🎙️ Enhanced Speech-to-Speech Translation Models

Complete Collection of Optimized AI Models for Real-Time Speech Translation

This repository contains pre-converted models and example audio files for building high-performance speech translation applications between English and French. Follow the steps carefully to implement the complete pipeline.

Before using these models, verify compatibility with your system requirements:

CUDA-compatible GPU (recommended)
Python 3.8+ environment
At least 8GB RAM (16GB recommended for larger models)

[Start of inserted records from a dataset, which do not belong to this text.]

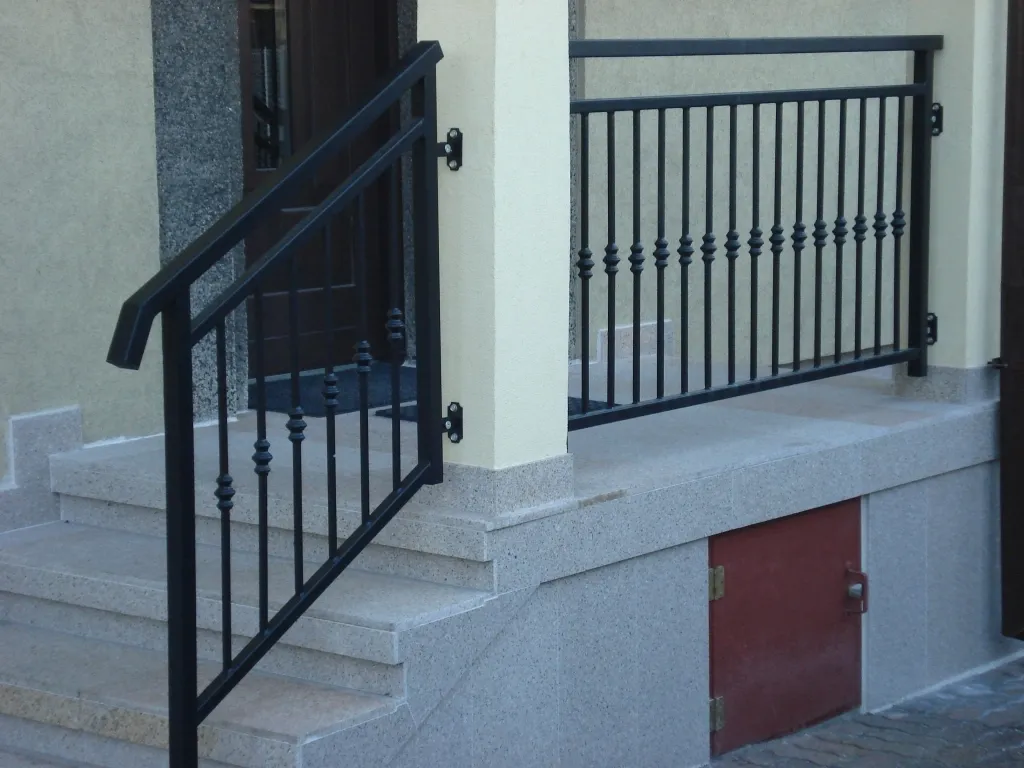Balustrady - balustrady 0418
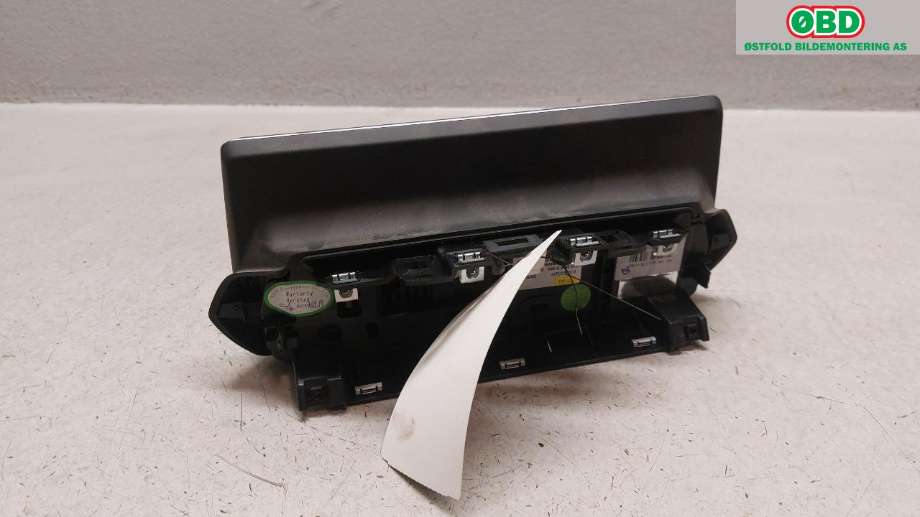 Instrument kjørecomputer til Peugeot 208 2019-->> (Type II)  (PEUGEOT|98 246 199 80|98 414 520 80|9824619980)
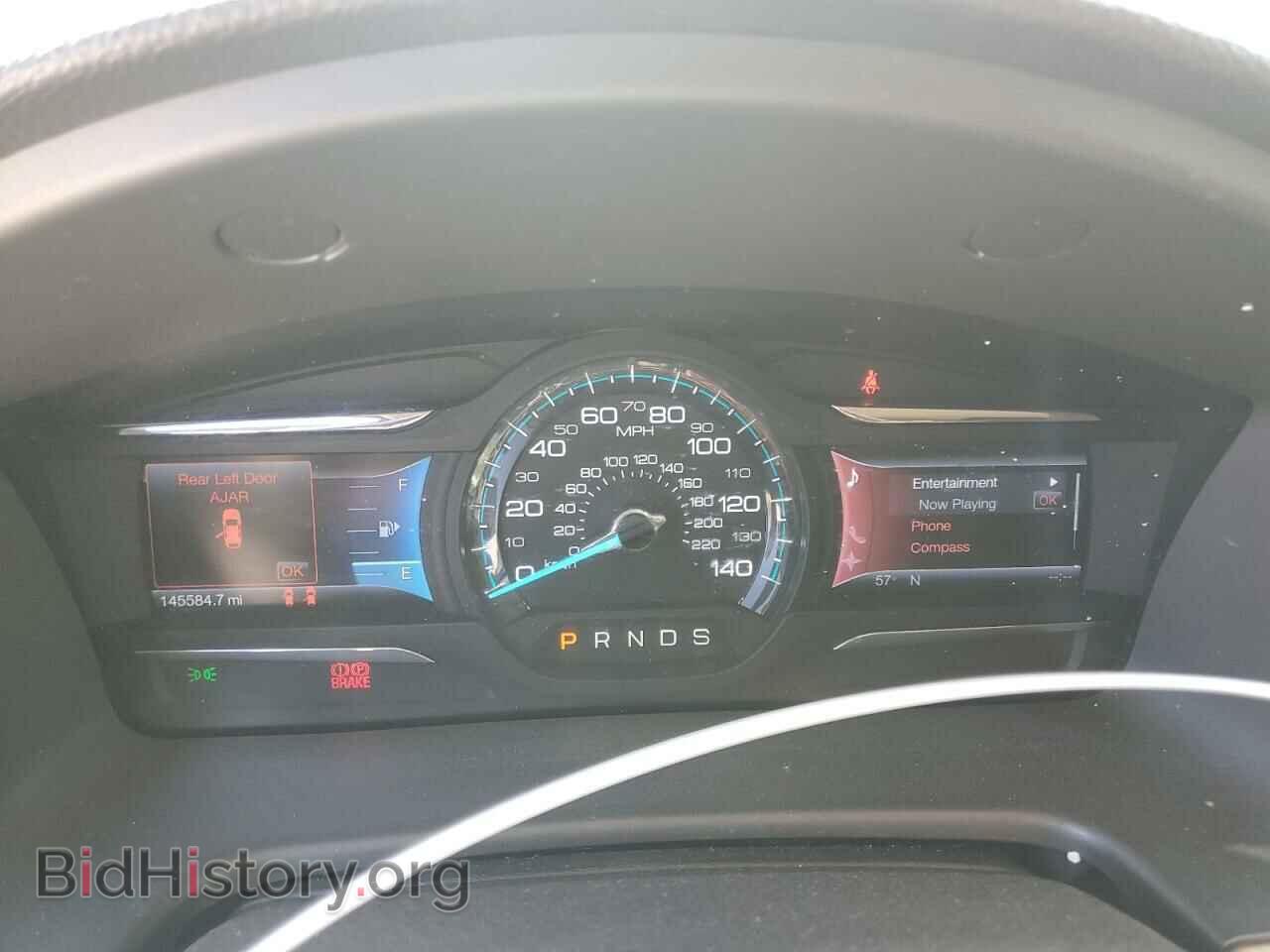 2013 FORD FLEX - VIN: 2FMGK5C80DBD16408 - Фото 9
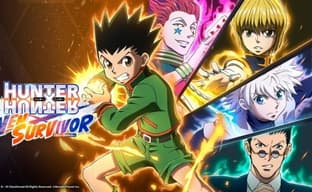 Условно-бесплатная Hunter x Hunter: Nen x Survivor выйдет в феврале 2026 года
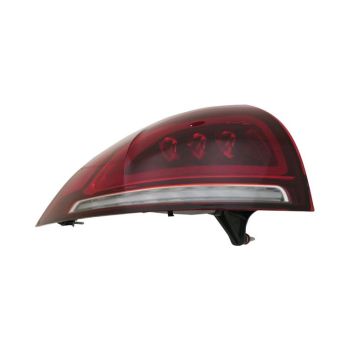 MERCEDES-BENZ GLE-CLASS SUV (167) TAIL LAMP ASSY LEFT (Driver Side) (Driver Side) (OUTER) **CAPA** OEM#1679060807 2020-2023 PL# MB2804123C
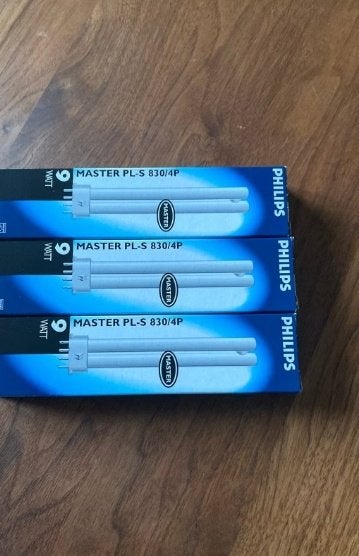 Philips Master PL - S 830/4P, Ophalen of Verzenden, Nieuw, E27 (groot), Led-lamp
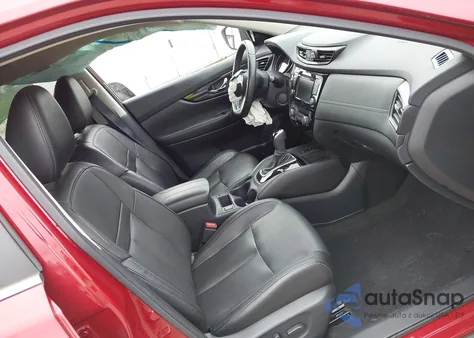 2020 Nissan Rogue Sl Intelligent Awd from USA, damaged, VIN 5N1AT2MV7LC778789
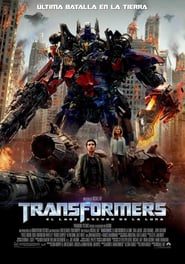 Imagen Transformers 3 El Lado Oscuro de la Luna Película Completa HD 1080p [MEGA] [LATINO]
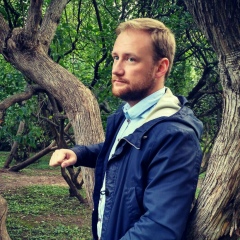 Александр Гармаш, 37 лет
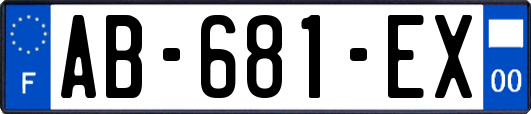 AB-681-EX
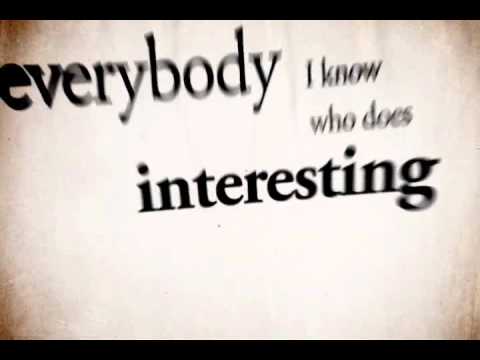 Ira Glass Inspiration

Step 1: Repository Overview

This repository provides everything needed for speech-to-speech translation:

🎤 Speech Recognition: Multiple Whisper model sizes (39MB to 1.5GB) 🔄 Translation: NLLB models optimized with CTranslate2 (600M & 1.3B)
🔊 Speech Synthesis: Meta's MMS-TTS for natural voice generation 📁 Example Files: Sample audio for testing and demonstration

Step 2: Understanding the Model Structure

Main Models Directory:

models/
├── whisper/                           # Speech Recognition Models
├── nllb-200-distilled-600M-ct2-int8/  # Translation Model (Fast)
├── nllb-200-distilled-1.3B-ct2-int8/  # Translation Model (Accurate)
├── models--facebook--mms-tts-eng/     # English Voice Synthesis
└── models--facebook--mms-tts-fra/     # French Voice Synthesis

Example Files Directory:

examples/
├── input_audio/     # Test audio files (English & French samples)
└── output_audio/    # Expected translation results

Step 3: Model Specifications

Whisper Models (Speech Recognition):

tiny.pt (76MB) - Ultra-fast, good accuracy
base.pt (145MB) - Balanced speed/accuracy
small.pt (484MB) - High accuracy, moderate speed
tiny.en.pt (76MB) - English-only variant
base.en.pt (145MB) - English-only variant

NLLB Models (Translation):

600M (623MB) - Fast translation, good quality
1.3B (1.4GB) - Slower but excellent accuracy

MMS-TTS Models (Voice Synthesis):

English (145MB) - Natural English voice
French (145MB) - Natural French voice

Step 4: Installation Requirements

Install required dependencies: using pip install

torch==2.6.0 torchvision==0.21.0 torchaudio==2.6.0 --index-url https://download.pytorch.org/whl/cpu   (For CPU inference)
torch==2.6.0 torchvision==0.21.0 torchaudio==2.6.0 --index-url https://download.pytorch.org/whl/cu126 (For GPU inference)
faster-whisper==1.1.1
ctranslate2==4.4.0
transformers==4.52.3
numpy==2.2.6
scipy==1.15.3
gradio==5.31.0
requests==2.32.3

Or install all at once:

$ pip install -r requirements.txt

Step 5: Basic Usage

Initialize the pipeline:

from enhanced_s2s_pipeline import EnhancedS2SPipeline

# Initialize with GPU support
pipeline = EnhancedS2SPipeline(device="cuda")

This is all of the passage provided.